▶ **WHAT YOU HAVE TO DO**: For the entries below, repeat exactly each line starting with the one that contains "захисна накладка на" and going on through the one that contains "1652 S Etting Street photo 24", and no others.

▶ **SUPPLIED MATERIAL**:
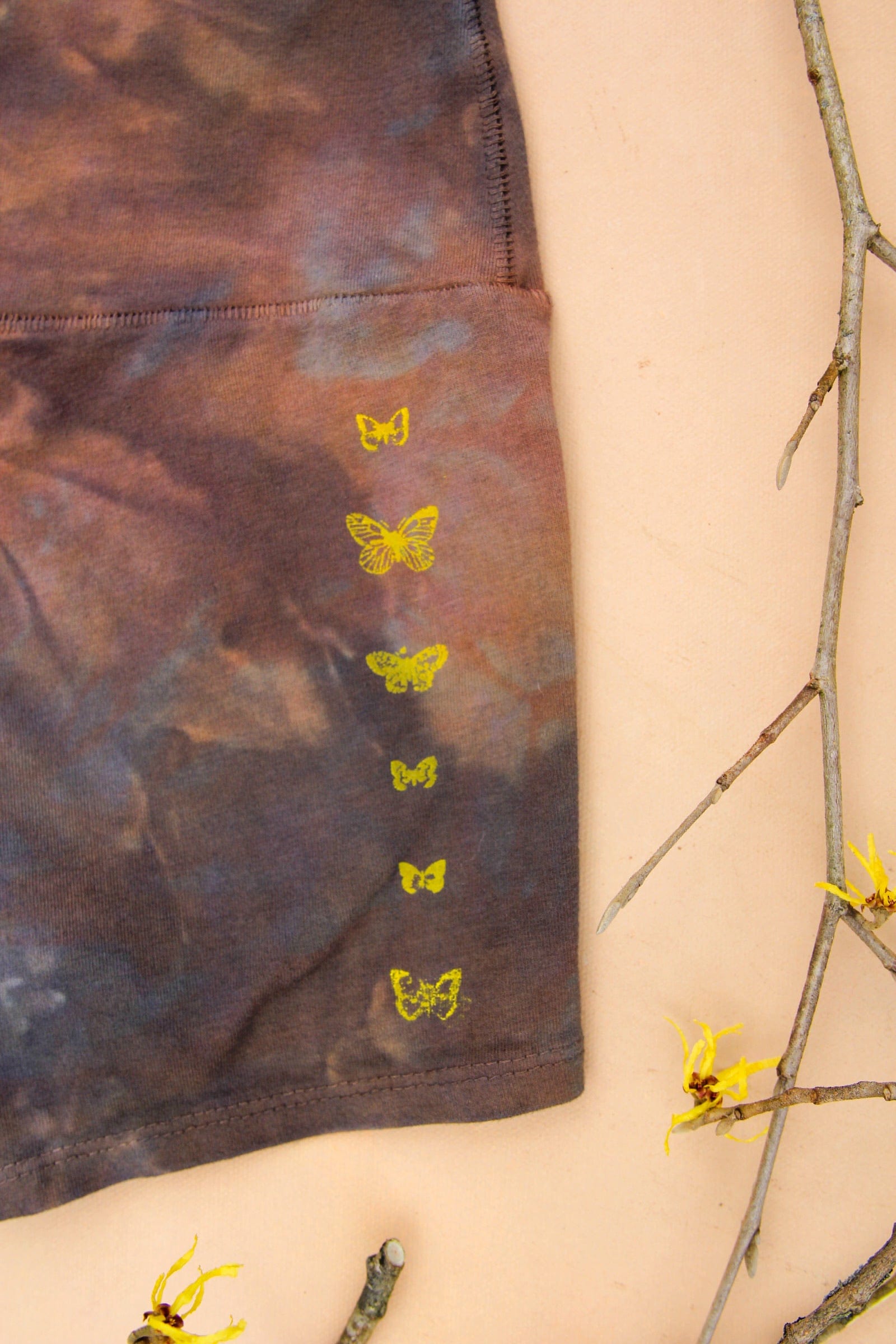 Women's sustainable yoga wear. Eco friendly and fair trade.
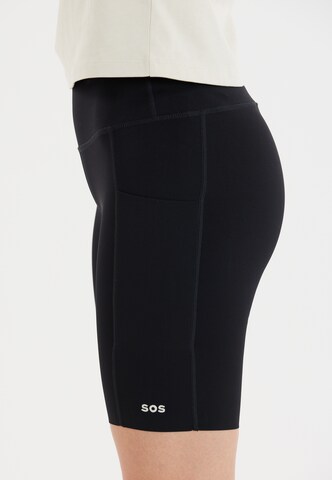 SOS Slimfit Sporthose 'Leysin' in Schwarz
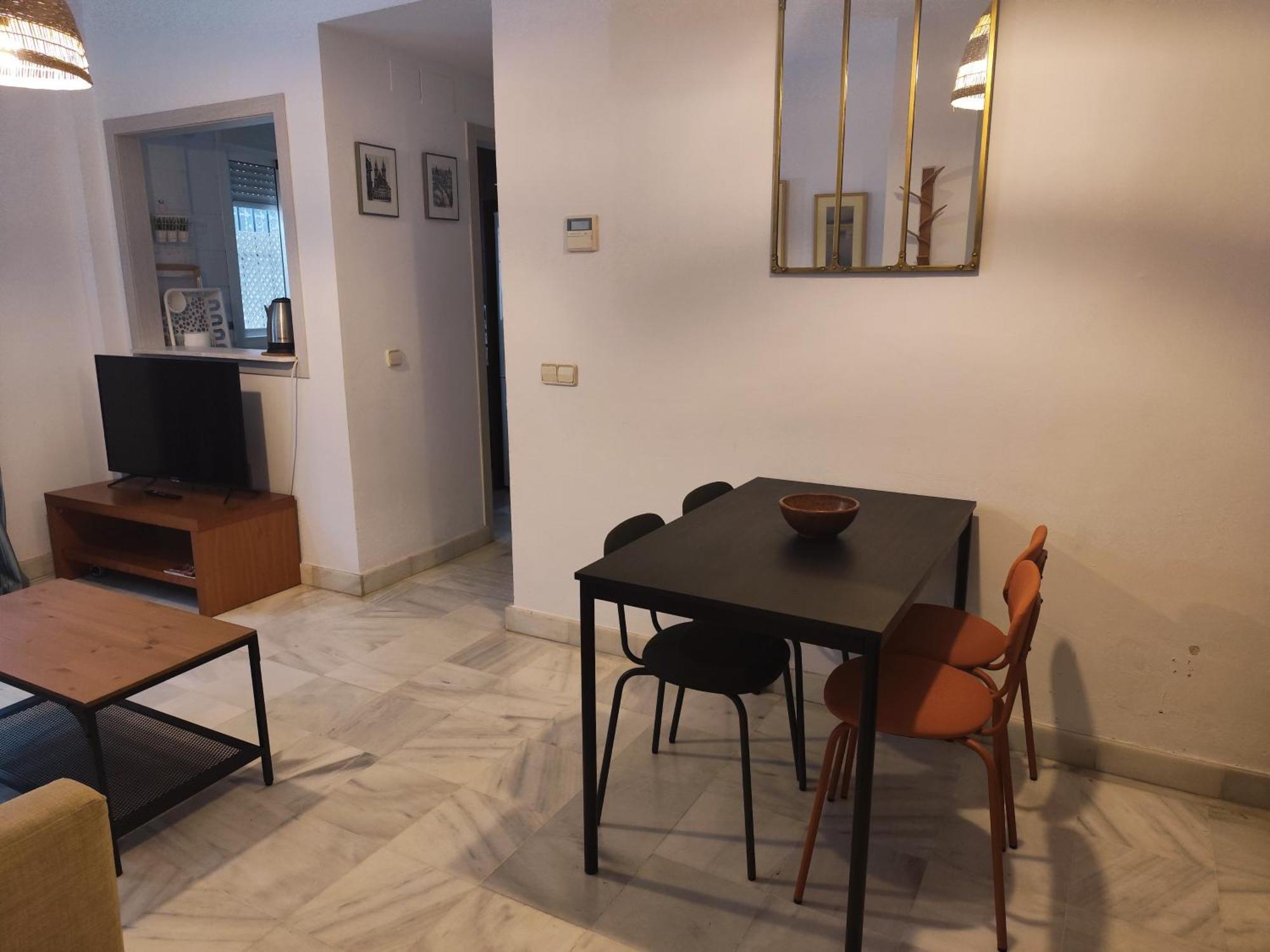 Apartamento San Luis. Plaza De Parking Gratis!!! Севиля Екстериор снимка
==
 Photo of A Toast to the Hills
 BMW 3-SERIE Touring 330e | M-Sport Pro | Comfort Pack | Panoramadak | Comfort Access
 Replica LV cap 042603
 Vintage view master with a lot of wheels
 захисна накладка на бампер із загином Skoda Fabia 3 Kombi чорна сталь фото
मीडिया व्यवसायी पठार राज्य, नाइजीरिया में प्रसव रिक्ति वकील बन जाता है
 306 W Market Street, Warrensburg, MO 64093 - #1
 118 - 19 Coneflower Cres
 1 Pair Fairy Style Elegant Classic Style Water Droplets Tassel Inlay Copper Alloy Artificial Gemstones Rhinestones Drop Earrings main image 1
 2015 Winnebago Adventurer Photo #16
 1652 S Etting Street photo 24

▶ **RESPONSE AREA**:
 захисна накладка на бампер із загином Skoda Fabia 3 Kombi чорна сталь фото
मीडिया व्यवसायी पठार राज्य, नाइजीरिया में प्रसव रिक्ति वकील बन जाता है
 306 W Market Street, Warrensburg, MO 64093 - #1
 118 - 19 Coneflower Cres
 1 Pair Fairy Style Elegant Classic Style Water Droplets Tassel Inlay Copper Alloy Artificial Gemstones Rhinestones Drop Earrings main image 1
 2015 Winnebago Adventurer Photo #16
 1652 S Etting Street photo 24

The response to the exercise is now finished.